-------- Supplied entries --------

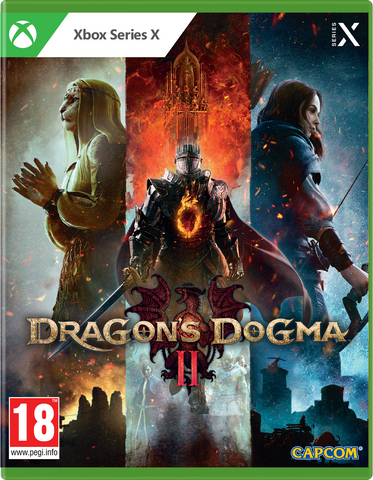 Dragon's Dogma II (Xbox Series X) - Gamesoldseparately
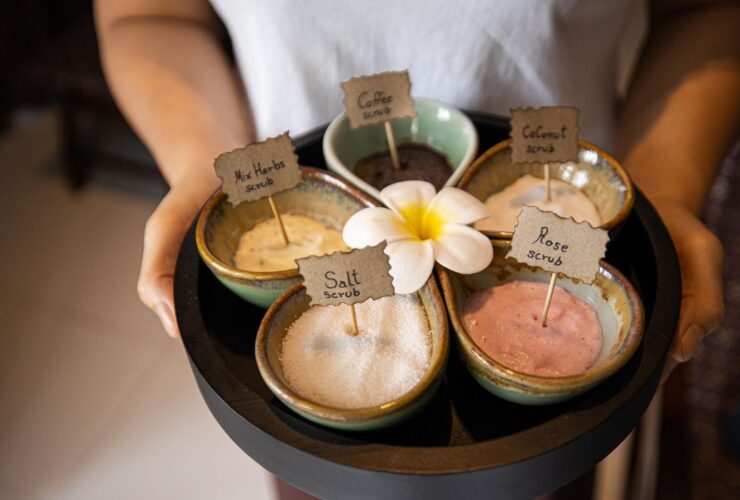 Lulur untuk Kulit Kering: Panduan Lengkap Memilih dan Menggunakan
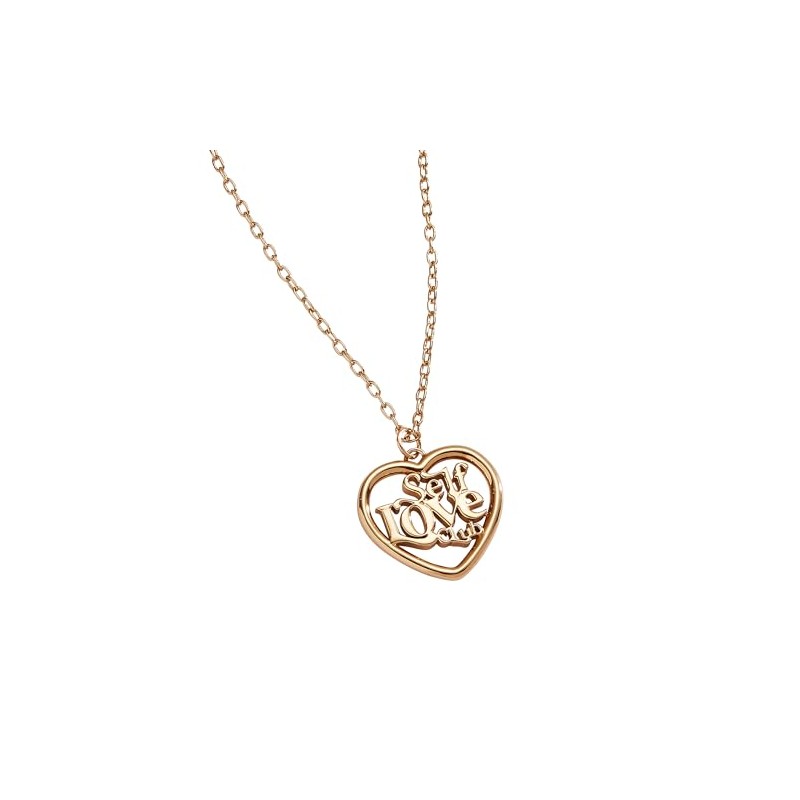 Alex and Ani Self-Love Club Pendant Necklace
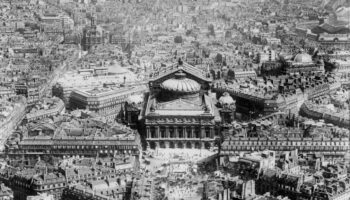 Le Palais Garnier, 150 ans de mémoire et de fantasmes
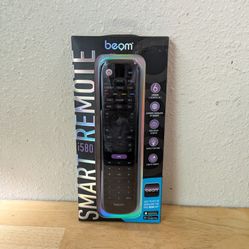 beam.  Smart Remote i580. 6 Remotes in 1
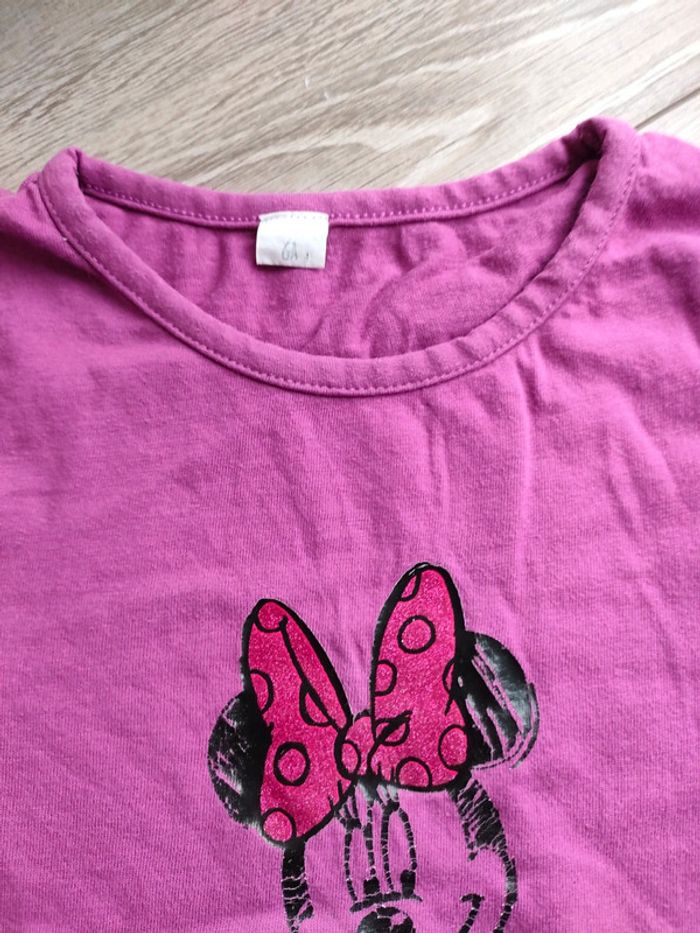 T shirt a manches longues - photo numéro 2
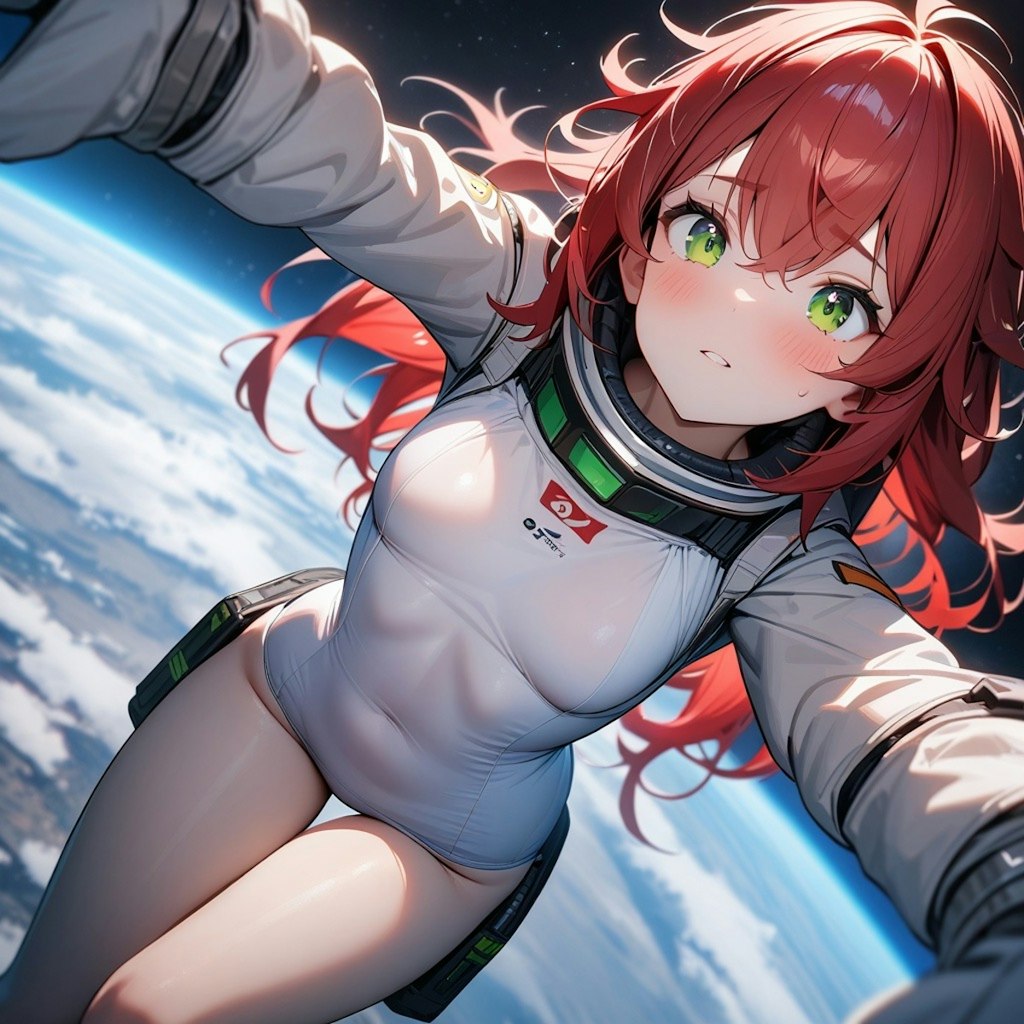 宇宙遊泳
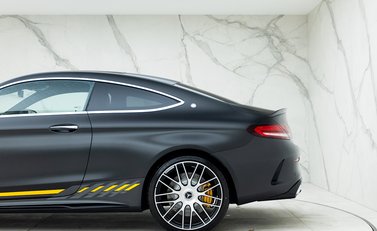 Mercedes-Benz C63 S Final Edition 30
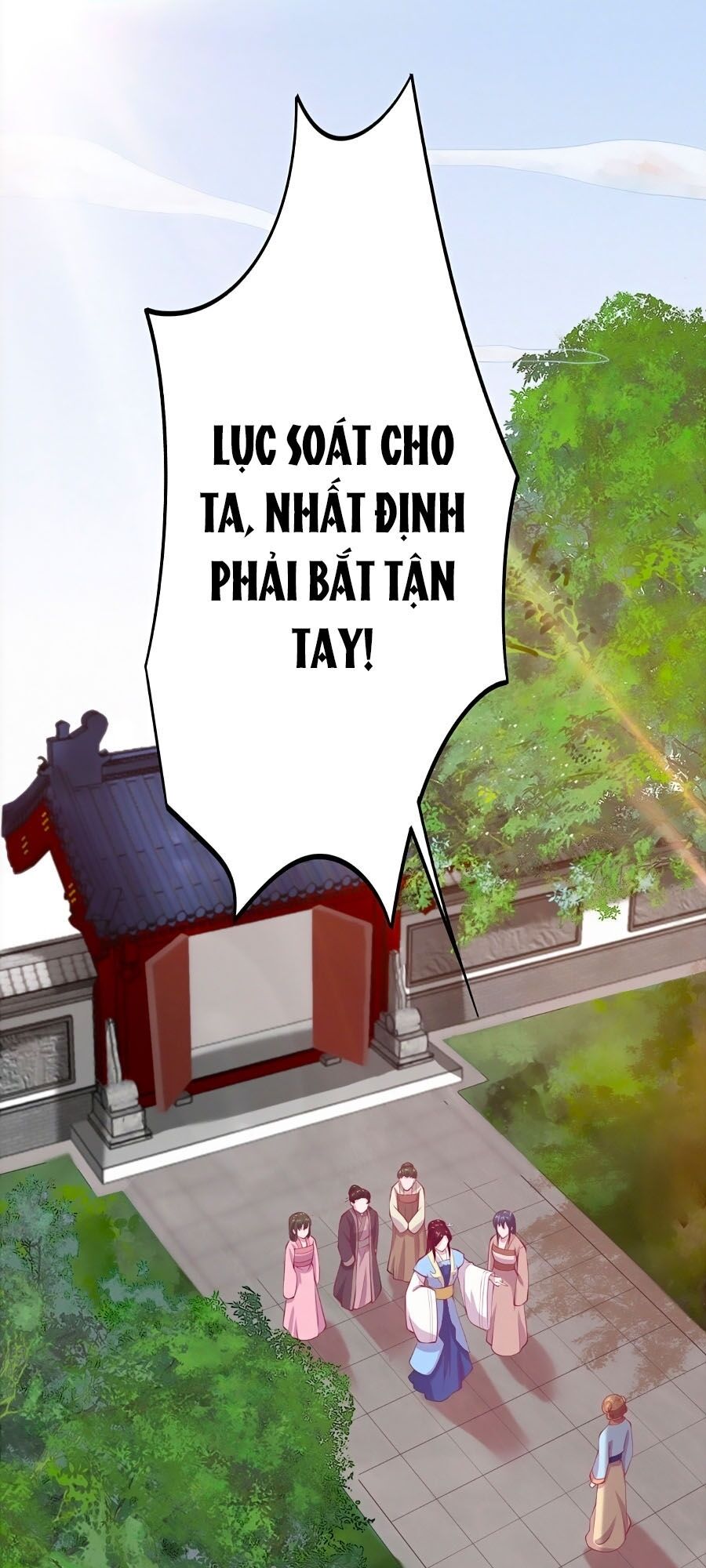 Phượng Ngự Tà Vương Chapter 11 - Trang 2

--------

**Work item:** Leave the images out and transcribe the rest of the material exactly.

**Problem solution:**
 Dragon's Dogma II (Xbox Series X) - Gamesoldseparately
 Lulur untuk Kulit Kering: Panduan Lengkap Memilih dan Menggunakan
 Alex and Ani Self-Love Club Pendant Necklace
 Le Palais Garnier, 150 ans de mémoire et de fantasmes
 beam.  Smart Remote i580. 6 Remotes in 1
 T shirt a manches longues - photo numéro 2
 宇宙遊泳
 Mercedes-Benz C63 S Final Edition 30
 Phượng Ngự Tà Vương Chapter 11 - Trang 2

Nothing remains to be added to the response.